The first volume, Electric Machines: Steady State Performance with MATLAB® covers circuit modeling characteristics and performance characteristics under steady state, testing techniques and preliminary electromagnetic-thermic dimensioning. This book is intended for first semester course, treating electric transformers, rotary and linear machines steady state modeling and performance computation, preliminary dimensioning and testing standardized and innovative techniques.
The second volume, Electric Machines: Transients, Control Principles, Finite Element Analysis and Optimal Design with MATLAB® is intended for second (and third) semester course, treating topics such as modeling of transients, control principles, electromagnetic and thermal finite element Analysis and optimal design (dimensioning). Notable recent knowledge with strong industrialization potential has been added to this edition, such as, orthogonal models of multiphase A.C. machines, thermal finite element analysis of (FEA) electric machines, and FEA– based–only optimal design of a PM motor case study.
Both the volumes include numerical examples and case studies, and numerous computer simulation programs in MATLAB and Simulink® are also available online that illustrate performance characteristics present in the chapters.
Table of Contents
Volume 1: 1. Introduction. 2. Electric Transformers. 3. Energy Conversion and Types of Electric Machines. 4. Brush–Commutator Machines: Steady State. 5. Induction Machines: Steady State. 6. Synchronous Machines: Steady State.

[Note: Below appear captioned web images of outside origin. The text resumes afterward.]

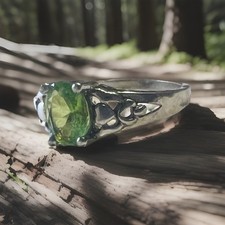 Bague sertie pierre Péridot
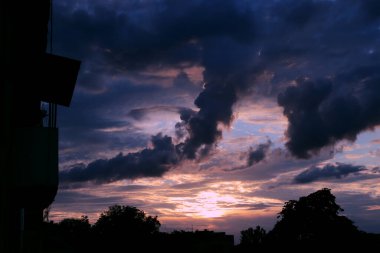 Gökyüzü manzarası. Günbatımının arka planında büyüleyici bulutlar. Kümülüs ve yağmur bulutları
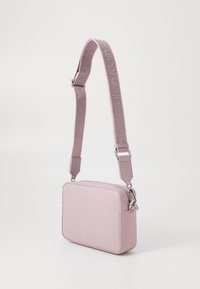 Calvin Klein SMALL CAMERA BAG - Torba preko tijela - sea fog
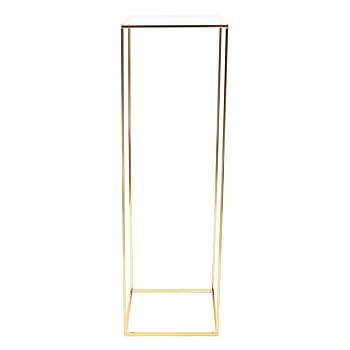 Colonne dorée rectangulaire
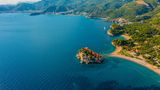 Montenegro wird als Reiseziel gerne mal unterschätzt – oder ist bei vielen Menschen erst gar nicht auf dem Radar. Dabei hat das Land einiges zu bieten. Zum Beispiel zauberhafte Wanderwege durch die Berge oder entlang der malerischen Küste. Im Durmitor National Park kann man unterdessen tierische Bewohner wie Bären und Wölfe beobachten, oder aber man trifft die Einheimischen in den kleinen Dörfern und lässt sich begeistern von ihrer Kultur und ihrer Gastfreundschaft.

Volume 2: 1. Electric Machine Circuit Models for Transients and Control. 2. Transients and Control Principles of Brush–Commutator DC. 3. Synchronous Machine Transients and Control Principles. 4. Induction Machines Transients and Control Principles. 5. Essentials of Finite Element Analysis (FEA) in Electromagnetics. 6. FEA of Electric Machines Electromagnetics. 7. Thermal FEA of Electric Machines. 8. Optimal Electromagnetic Design of Electric Machines. 9. Optimal Electromagnetic Design of Surface PM Synchronous Machines (PMSM). 10. Optimal Electromagnetic Design of Surface PM Synchronous Machines (PMSM).

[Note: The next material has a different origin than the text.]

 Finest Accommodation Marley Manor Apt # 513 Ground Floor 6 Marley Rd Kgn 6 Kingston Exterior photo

Ion Boldea is a Full Professor of Electrical Engineering at the University Politechnica of Timisoara, Romania. Professor Boldea is a Life Fellow of IEEE. He won the IEEE 2015 Nikola Tesla Award for "contributions to the design and control of rotating and linear electric machines for industry applications."
Lucian N. Tutelea is currently a Professor with the Department of Electric Engineering, Politehnica University Timisoara. His main research interests include design, modeling, and control of electric machines and drives.